Hardware RAID is not remotely accessible to the entire world.
> and OSDL? I agree that TOE has problems and many of the points addressed
> by others in this thread are valid concerns, but simply saying that
> because of these issues "TOE will never happen" or "TOE is Evil" is not
> going to make the desire of TOE from HW vendors go away. There needs to
> be an open discussion between HW vendors and the community to determine
> the best way to move forward. This includes addressing questions such as
> do we want TOE + non-TOE stacks running at the same time? (I propose
> a big no for that since the level of complexity has just increased
> many times). Do we want to support multiple TOEs? How do we handle
> routing between TOEs? Etc... We either need to start thinking about
Answering those questions implies that TOE is a good idea. That still
is still an open question.
The community has been _trying_ to dialogue with people interested in a
progressive solution that actually addresses the problems we raise. I
haven't seen a single response.
I don't see any dialogue at all. The examples I have seen so far are HW
vendors saying "we are doing TOE" not "should we be doing TOE?"
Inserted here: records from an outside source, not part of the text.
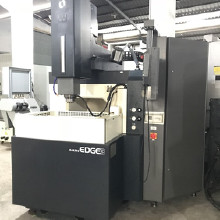 電火花成型機 電火花成型機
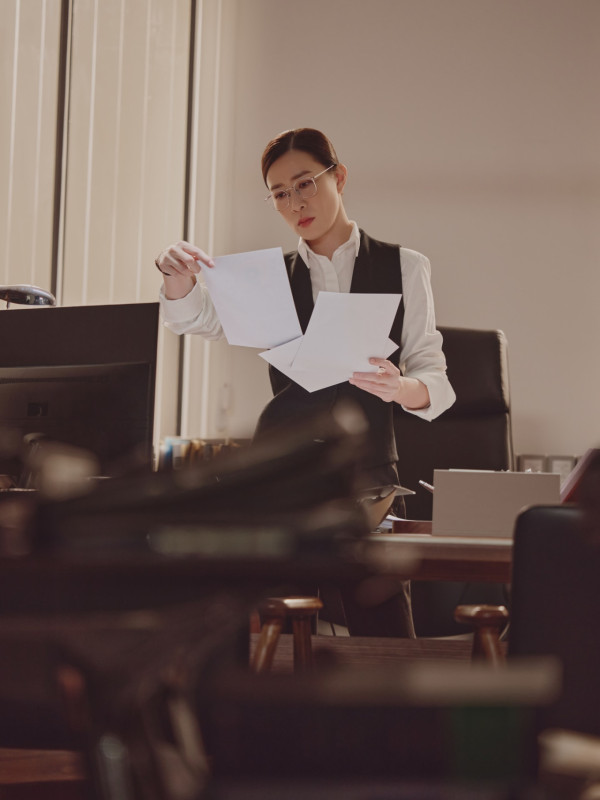 正義女神｜佘詩曼入行近30年首演法官！拍到「自閉」拒溝通 戲裡戲外變寡言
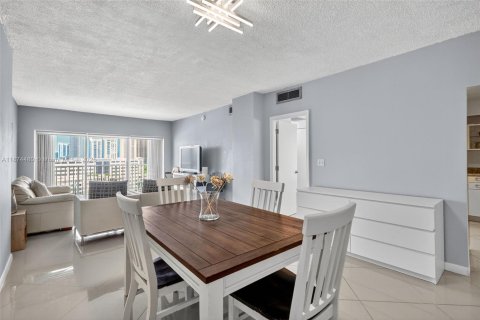 Condo in Sunny Isles Beach, Florida, 1 bedroom  № 1895883 - photo 13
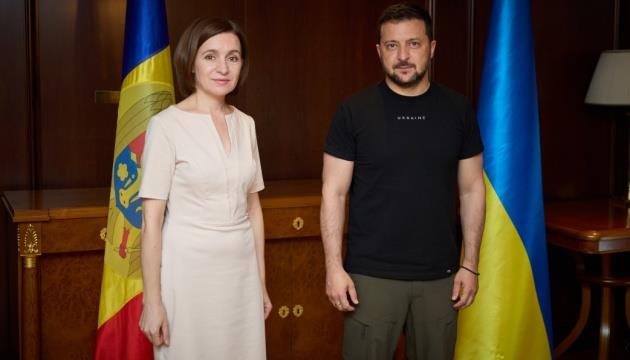 Zelensky Meets With President Of Moldova In Athens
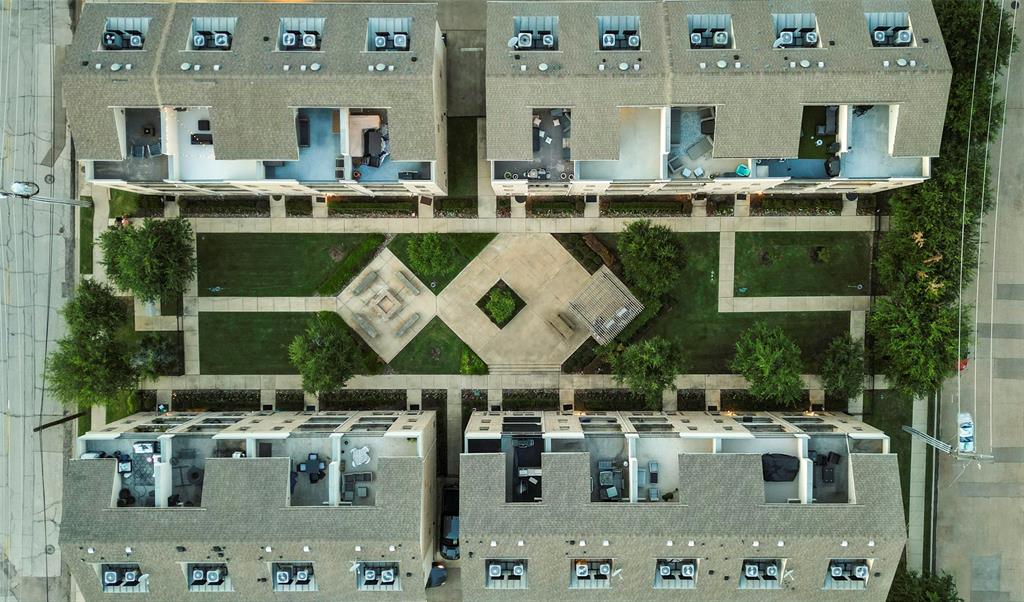 Exall Twnhms II - Residential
DaveM has been dropping ever-more-blatant hints about an efficient
design. Who has listened?
> these issues now or we'll be stuck with crap implementation requirements
> due to already existing TOE support in other OSes. In a perfect academic
> world TOE might be a horrid idea that should die, but the HW vendors have
> already decided to move in this direction? How is linux going to react to
> this: Just ignore it until it's too late or be pro-active about it?
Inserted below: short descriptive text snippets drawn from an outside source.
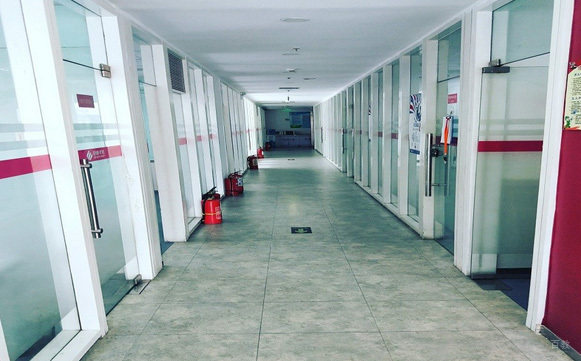 学校走廊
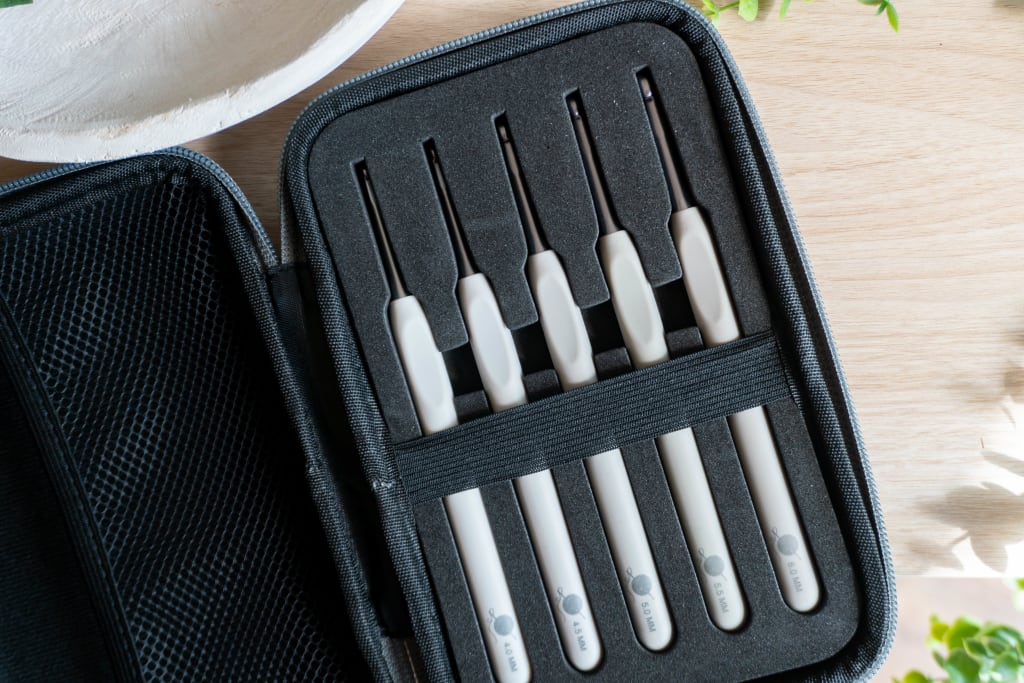 Hook Set w/Hard Case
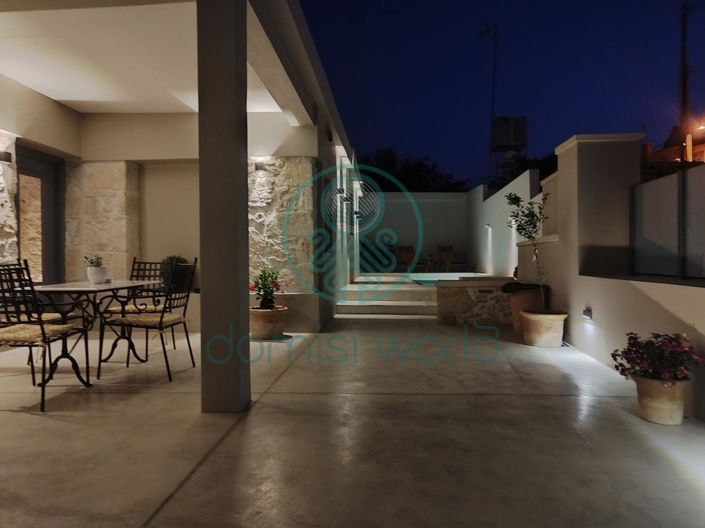 Image No.2-2 Bed House for sale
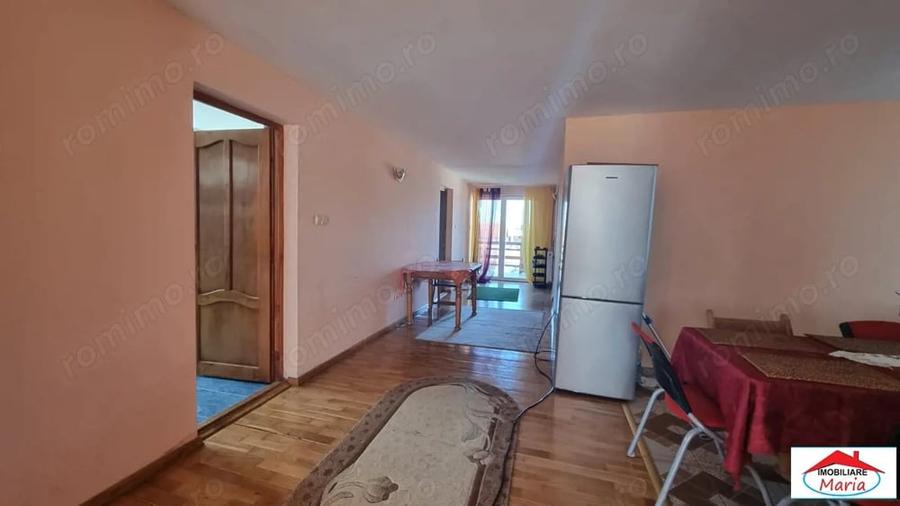Casă cu 4 camere cu Teren 131 Mp în Păulești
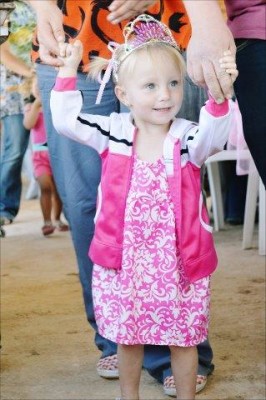 Karlien Booysen wat by die partytjie verwelkom word.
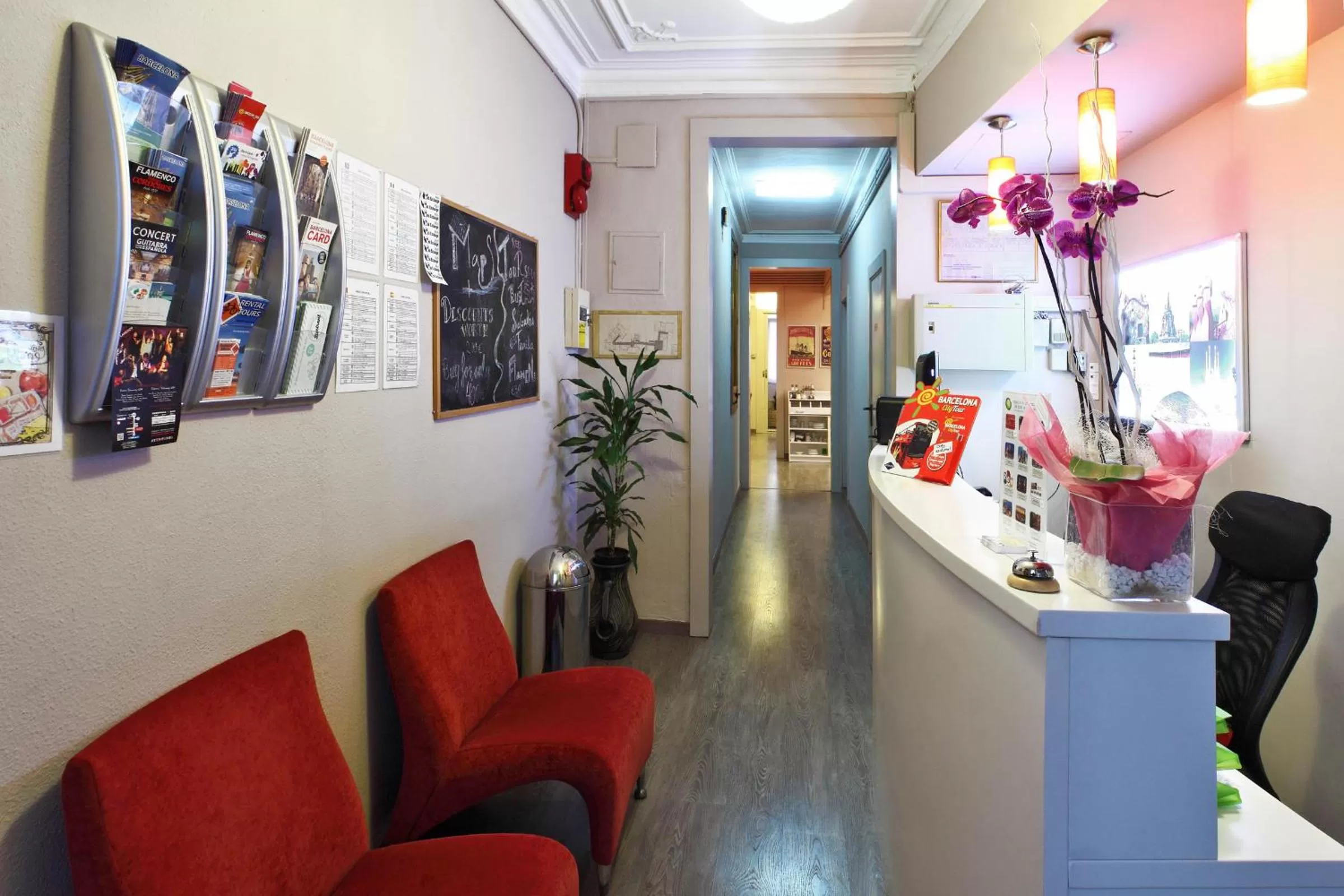 Lobby or reception in Hotel Ginebra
Not all hardware vendors. One specific hardware vendor, with decades of
experience in TCP/IP and Unix, realizes that TOE is not the answer.
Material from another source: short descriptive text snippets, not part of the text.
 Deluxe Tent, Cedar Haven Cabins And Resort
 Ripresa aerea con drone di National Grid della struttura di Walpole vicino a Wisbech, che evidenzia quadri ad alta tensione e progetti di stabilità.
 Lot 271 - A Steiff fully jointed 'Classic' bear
> A minimum step would be moving in the direction of FreeBSD and providing
> hooks for alternate stacks. That way if an embedded developer wanted
> to provide a different stack, he could do so and take full responsibility
> for supporting that kernel.
This is trivial. Just create your own character device driver and go to
town.
> Finally, I would like to point out that just b/c something is considered
> bad does not preclude it from being in the kernel. I think most kernel
> developers agree that PAE, I2O, ISAPNP and other technologies are broken
> and we wish they would die, yet Linux still supports them. Why? B/C the
> HW requires it. TOE is going to be no different.
TOE is vastly different.
As Alan said, nobody is stopping developers from maintaining their own
TOE fork of Linux. Under Linux, forks are _encouraged_, remember.